Data records

╭──

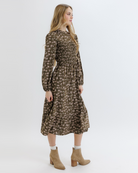 Woman wearing an olive green floral dress on a white background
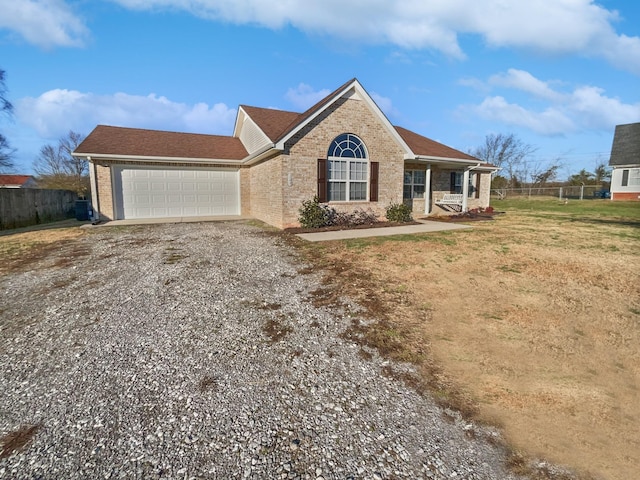 ranch-style home featuring a garage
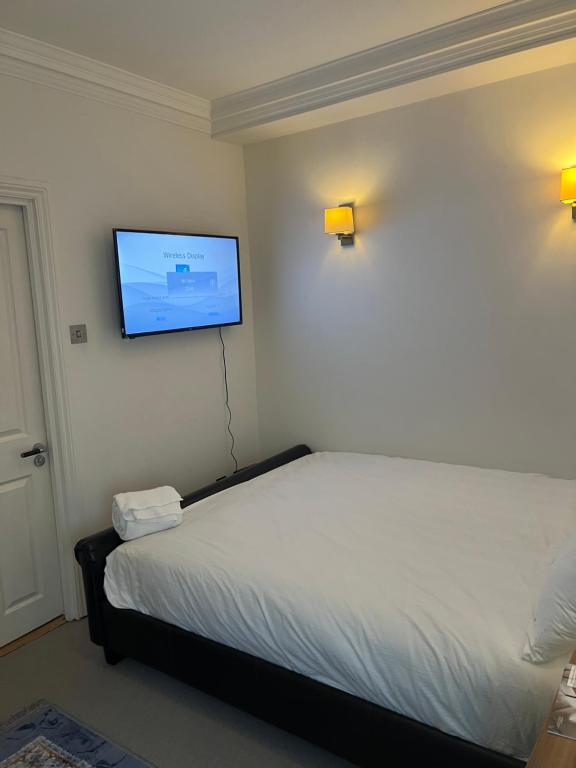 a bedroom with a bed and a flat screen tv on the wall at Luxurious 2 bedroom apartment in Central London in London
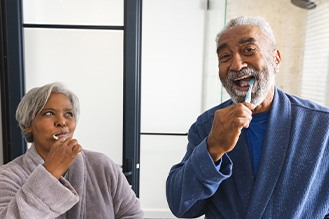 A man and woman brushing their teeth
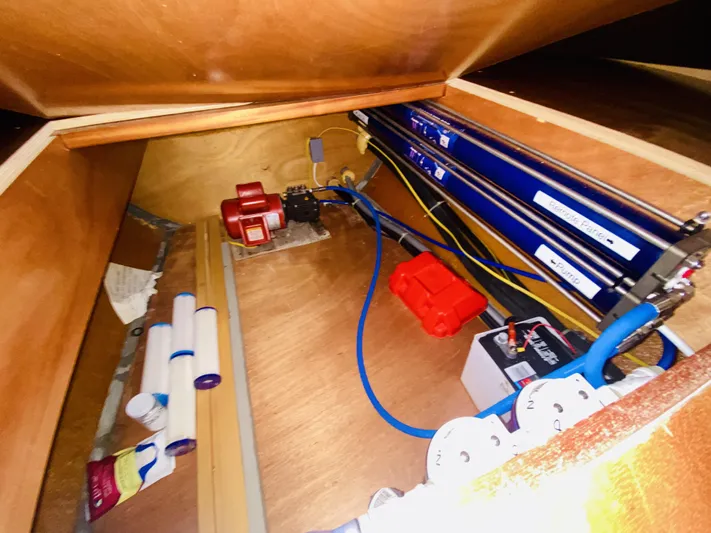 Finally Found Yacht Photos Pics Interior view of a 2014 Lagoon 380 S2 yacht's storage compartment with equipment and wiring.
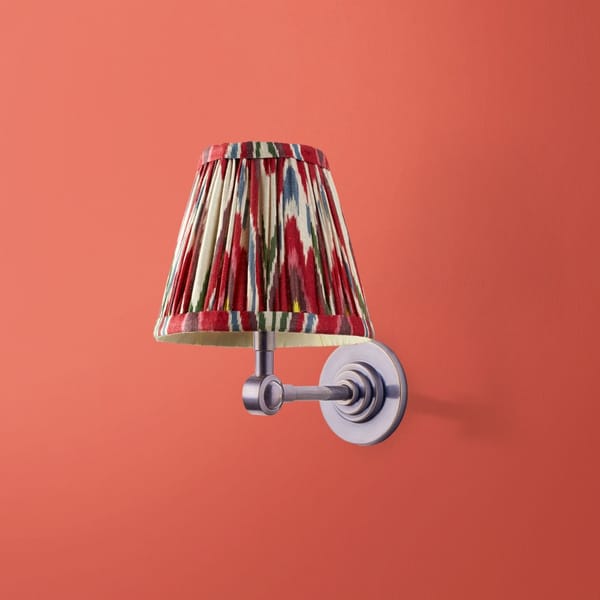 mini wall light with red and white print shade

╰──

(YOUR OBJECTIVE) Starting at the line that contains "A man and woman brushing their teeth", write out every line through the final line of the entries, word for word; skip any pictures.

(COMPLETED TASK)
 A man and woman brushing their teeth
 Finally Found Yacht Photos Pics Interior view of a 2014 Lagoon 380 S2 yacht's storage compartment with equipment and wiring.
 mini wall light with red and white print shade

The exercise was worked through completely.